We proceed in a momentary bubble of tolerable existence. Even in our greatest suffering, we press forward with the hope that our suffering will abate with time and that what lays ahead of us is better than what is behind us. Without hope is despair, and a person cannot sustain in despair for very long.
However, equally distressing is the notion of actual immortality. Our memories compress as time proceeds; we increasingly discard chunks of unimportant time and memories in our past, retaining only the flashes that fostered deep synaptic connections for one reason or another. What would we discard on an “infinite” timeline? What would really be left of us as individuals? How would we experience the tapestry of our past selves across thousands, millions of years?
How bored would we be?
Once again, our notion of immortality is clearly defined within our frame of reference of mortality.
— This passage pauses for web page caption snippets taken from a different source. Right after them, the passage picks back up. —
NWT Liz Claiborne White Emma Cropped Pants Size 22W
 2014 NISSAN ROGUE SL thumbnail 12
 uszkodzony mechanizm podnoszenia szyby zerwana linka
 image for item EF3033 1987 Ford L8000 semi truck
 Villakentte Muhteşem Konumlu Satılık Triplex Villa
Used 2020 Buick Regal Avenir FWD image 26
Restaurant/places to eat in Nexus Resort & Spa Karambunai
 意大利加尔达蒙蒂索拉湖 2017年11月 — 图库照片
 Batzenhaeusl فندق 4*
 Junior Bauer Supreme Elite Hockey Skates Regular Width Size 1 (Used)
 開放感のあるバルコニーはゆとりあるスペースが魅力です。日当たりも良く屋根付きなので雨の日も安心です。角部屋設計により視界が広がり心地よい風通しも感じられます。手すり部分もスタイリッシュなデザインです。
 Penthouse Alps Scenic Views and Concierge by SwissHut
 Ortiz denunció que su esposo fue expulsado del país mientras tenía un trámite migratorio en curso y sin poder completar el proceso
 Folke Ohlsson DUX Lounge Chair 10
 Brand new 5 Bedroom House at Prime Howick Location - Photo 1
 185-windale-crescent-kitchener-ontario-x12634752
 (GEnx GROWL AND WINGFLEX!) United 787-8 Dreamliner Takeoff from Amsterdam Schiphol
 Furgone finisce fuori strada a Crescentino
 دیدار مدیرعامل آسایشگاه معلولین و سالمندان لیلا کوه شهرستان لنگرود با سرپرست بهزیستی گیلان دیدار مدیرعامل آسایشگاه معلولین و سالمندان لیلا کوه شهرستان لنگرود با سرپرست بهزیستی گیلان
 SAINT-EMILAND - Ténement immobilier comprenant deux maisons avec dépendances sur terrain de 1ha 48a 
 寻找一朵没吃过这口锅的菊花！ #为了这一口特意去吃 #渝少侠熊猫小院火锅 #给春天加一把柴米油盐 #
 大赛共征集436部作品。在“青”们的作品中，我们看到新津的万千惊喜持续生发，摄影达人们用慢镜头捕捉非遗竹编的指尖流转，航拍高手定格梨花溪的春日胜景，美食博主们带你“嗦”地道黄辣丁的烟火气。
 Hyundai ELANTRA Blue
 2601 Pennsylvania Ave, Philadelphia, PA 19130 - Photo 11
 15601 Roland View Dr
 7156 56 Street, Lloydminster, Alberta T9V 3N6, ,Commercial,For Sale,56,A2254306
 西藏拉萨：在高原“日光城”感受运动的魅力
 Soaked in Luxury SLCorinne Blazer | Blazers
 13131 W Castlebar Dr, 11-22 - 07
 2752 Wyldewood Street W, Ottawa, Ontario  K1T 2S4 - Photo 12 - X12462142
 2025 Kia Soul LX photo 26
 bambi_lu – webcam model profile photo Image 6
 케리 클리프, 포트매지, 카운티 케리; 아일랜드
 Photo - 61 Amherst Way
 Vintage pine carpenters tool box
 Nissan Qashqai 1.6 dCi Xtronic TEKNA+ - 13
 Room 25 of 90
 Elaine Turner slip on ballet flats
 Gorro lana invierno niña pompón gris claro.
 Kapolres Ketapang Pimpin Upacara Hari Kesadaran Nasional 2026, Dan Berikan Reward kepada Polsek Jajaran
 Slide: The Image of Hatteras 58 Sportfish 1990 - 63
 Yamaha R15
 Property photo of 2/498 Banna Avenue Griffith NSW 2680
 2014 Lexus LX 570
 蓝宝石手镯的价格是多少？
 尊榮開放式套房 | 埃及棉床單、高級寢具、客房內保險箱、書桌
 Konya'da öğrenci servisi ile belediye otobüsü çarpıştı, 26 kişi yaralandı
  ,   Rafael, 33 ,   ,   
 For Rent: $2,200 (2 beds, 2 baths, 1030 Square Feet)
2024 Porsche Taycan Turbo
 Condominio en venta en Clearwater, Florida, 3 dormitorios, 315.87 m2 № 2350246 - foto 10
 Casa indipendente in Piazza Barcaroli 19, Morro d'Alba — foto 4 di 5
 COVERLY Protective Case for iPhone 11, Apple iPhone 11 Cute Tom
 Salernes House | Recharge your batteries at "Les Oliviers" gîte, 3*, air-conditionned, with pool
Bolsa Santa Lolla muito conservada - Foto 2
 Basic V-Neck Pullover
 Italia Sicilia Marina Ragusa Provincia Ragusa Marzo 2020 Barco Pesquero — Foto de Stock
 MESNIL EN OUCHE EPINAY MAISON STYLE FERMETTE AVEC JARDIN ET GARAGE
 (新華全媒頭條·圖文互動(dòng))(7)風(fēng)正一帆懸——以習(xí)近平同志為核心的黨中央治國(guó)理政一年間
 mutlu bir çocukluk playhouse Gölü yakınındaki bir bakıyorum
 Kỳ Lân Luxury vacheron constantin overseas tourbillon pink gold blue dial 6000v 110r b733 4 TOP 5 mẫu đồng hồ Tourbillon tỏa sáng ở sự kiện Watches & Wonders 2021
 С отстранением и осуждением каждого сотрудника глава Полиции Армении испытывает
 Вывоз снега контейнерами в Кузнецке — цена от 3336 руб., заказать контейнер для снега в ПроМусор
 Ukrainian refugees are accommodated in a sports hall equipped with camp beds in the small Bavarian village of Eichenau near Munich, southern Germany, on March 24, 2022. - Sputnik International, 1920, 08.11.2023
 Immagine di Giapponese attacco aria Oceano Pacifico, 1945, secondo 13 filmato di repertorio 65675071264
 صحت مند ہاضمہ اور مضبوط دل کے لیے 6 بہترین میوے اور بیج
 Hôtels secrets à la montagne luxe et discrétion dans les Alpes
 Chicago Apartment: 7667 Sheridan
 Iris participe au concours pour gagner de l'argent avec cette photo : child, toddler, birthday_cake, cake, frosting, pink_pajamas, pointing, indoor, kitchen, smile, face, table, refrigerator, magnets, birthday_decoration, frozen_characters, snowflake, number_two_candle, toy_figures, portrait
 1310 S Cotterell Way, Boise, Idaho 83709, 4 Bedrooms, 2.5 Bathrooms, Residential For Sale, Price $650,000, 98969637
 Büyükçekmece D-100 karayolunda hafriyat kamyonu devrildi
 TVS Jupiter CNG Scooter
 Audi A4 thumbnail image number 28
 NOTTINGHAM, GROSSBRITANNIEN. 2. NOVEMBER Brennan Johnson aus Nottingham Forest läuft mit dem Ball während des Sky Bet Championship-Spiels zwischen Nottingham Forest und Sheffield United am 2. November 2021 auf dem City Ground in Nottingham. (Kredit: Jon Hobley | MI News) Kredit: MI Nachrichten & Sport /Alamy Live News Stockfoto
Perhaps we would transcend into a form that exists outside of linear time, experiencing past and present and future all at once, liberated from the restrictive causality that shapes our current reality. Or perhaps we figure out how to preserved digitally, an
part of the singularity, intertwined with all other consciousnesses and omnipresent in a digital infinity.But with any such fundamental reshaping of our experiential framework, would we really still be ourselves, in any meaningful sense? Does such transcendence allay any fears about the destruction of our subjective selves?
This is a lot of words to say that existence is torment and death is terrifying.